Nowadays I use languages where I don't need to remember this kind of thing, but sometimes I miss the 8-bit days when you could fit the whole computer system in your head :)

CptPicard
October 21st, 2010, 05:52 PM
I suspect you are referring to low level internal implementation details?

Yes, because there was a claim about those that was incorrect. Primitive types, including object references that are in local scopes on the call stack are on the stack. Rest is on the heap.



Conceptually all the data that you, the programmer, define in Python or Java is allocated from and returned to a single memory pool.

If you want to make the distinction between heap and stack allocation as it happens in, say, C, then no, Java does not behave the same way as Python does -- in Python everything really is on the heap (although call stack scope management is driven through the underlying C stack of the interpreter).

I guess I could then just as well say that everything in any language is conceptually allocated from the same memory pool -- the RAM. It's just that the scoping is managed differently in implementation, whether it is the C stack or a system of linked "environment frames" as in Scheme...

mimiteto
October 21st, 2010, 06:51 PM
I wanna thank all of you for the great discussion you've made on such unclear matter!
THANK ALL OF YOU

nvteighen
October 21st, 2010, 08:35 PM
The stack is there in assembly. The hardware requires it for use when calling functions and handling interrupts, and provides push/pop instructions that use it for register spilling. You don't have to pass arguments or store locals there like C does, but it is convenient to do so.

Oh, yeah, I'm stupid... of course there's pop/push... :P

Thanks for your insight!

Pithikos
October 21st, 2010, 11:35 PM
I don't know assembly so some comments were a bit hard to understand. After all it's my second month in university.
I think anyway that I got a better intuition of what the stack and heap are and what they do. At least I know now that both are just different places in the same physical memory and that they are kept apart from each other for some convenient reasons.

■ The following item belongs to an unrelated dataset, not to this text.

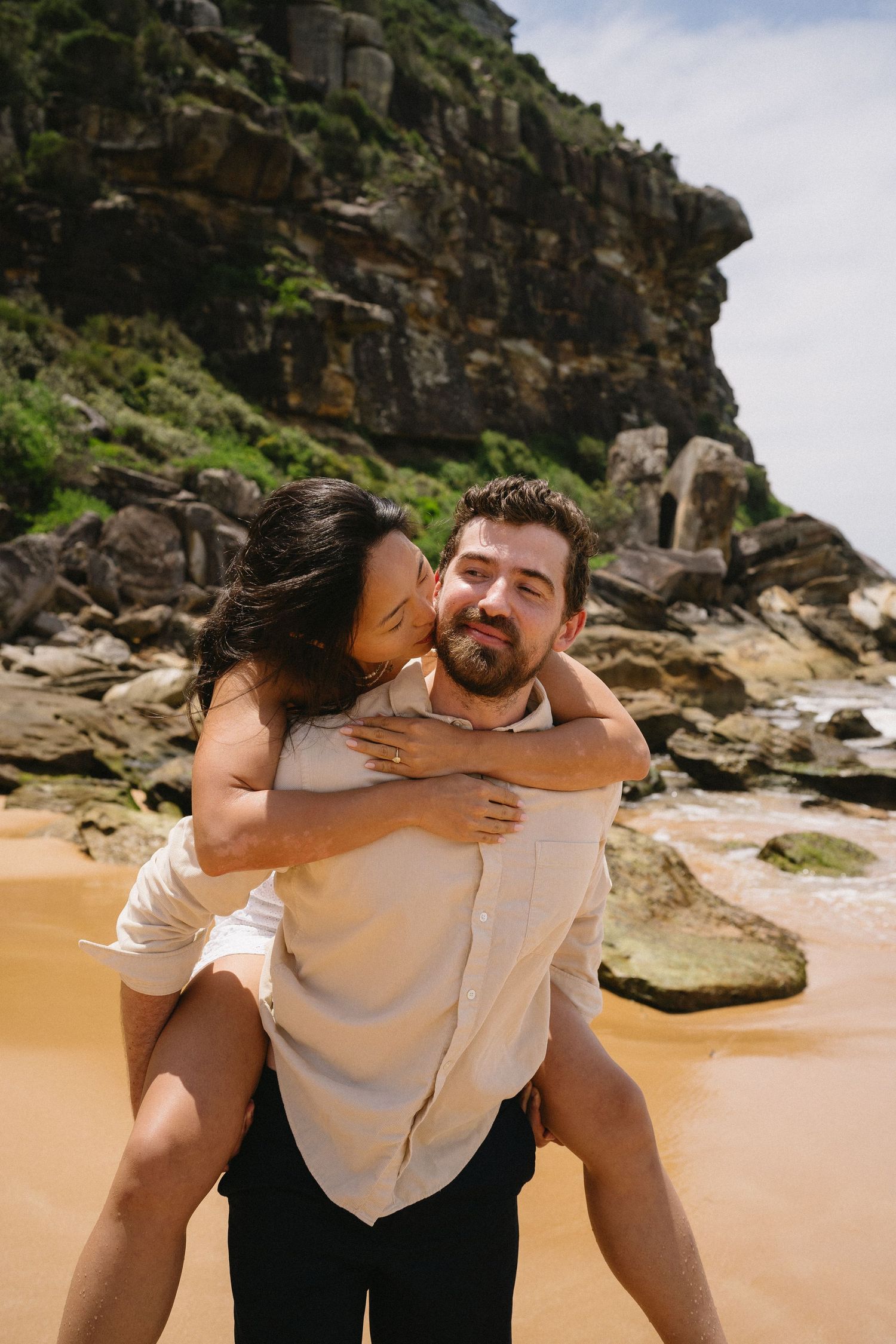 A joyful moment shared between a couple on a beach with dramatic cliffs in the background.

A bonus question for getting so many replies :mrgreen::
How can all RAM addresses start from 0000 and end at FFFF? Shouldn't the memory size be a factor for the amount of addresses a RAM has?

psusi
October 21st, 2010, 11:46 PM
A bonus question for getting so many replies :mrgreen::
How can all RAM addresses start from 0000 and end at FFFF? Shouldn't the memory size be a factor for the amount of addresses a RAM has?

They don't, and of course.

worksofcraft
October 22nd, 2010, 01:24 AM
A bonus question for getting so many replies :mrgreen::
How can all RAM addresses start from 0000 and end at FFFF? Shouldn't the memory size be a factor for the amount of addresses a RAM has?

lol - well the adresses do have a quite a few more bits in them these days and so on a 32 bit system you will find they go all the way up to FFFFFFFF (hex) and on on a 64 bit system it's... well twice as many eF's

The addresses and pointers that your applications use are however NOT actual physical memory addresses. They are translated from virtual address space to physical address space by a memory management unit (MMU). The MMU helps to separate address space of applications and kernel so that you can't "peek" and "poke" kernel memory, or that of other applications.

Virtual address space can be larger than the available memory. One of the functions of your Linux "swap partition" is to hold data for virtual addresses when there isn't any physical memory space for it. If you try to address such a location an interrupt is generated and the processor swaps the desired memory image to or from disk...

saulgoode
October 22nd, 2010, 04:51 AM
One distinction between stack and heap is that heap allocations can be shared between threads whereas stack memory is always intended to be local to a particular thread (each thread has its own stack and it would be foolhardy for another thread to attempt to access data on that stack).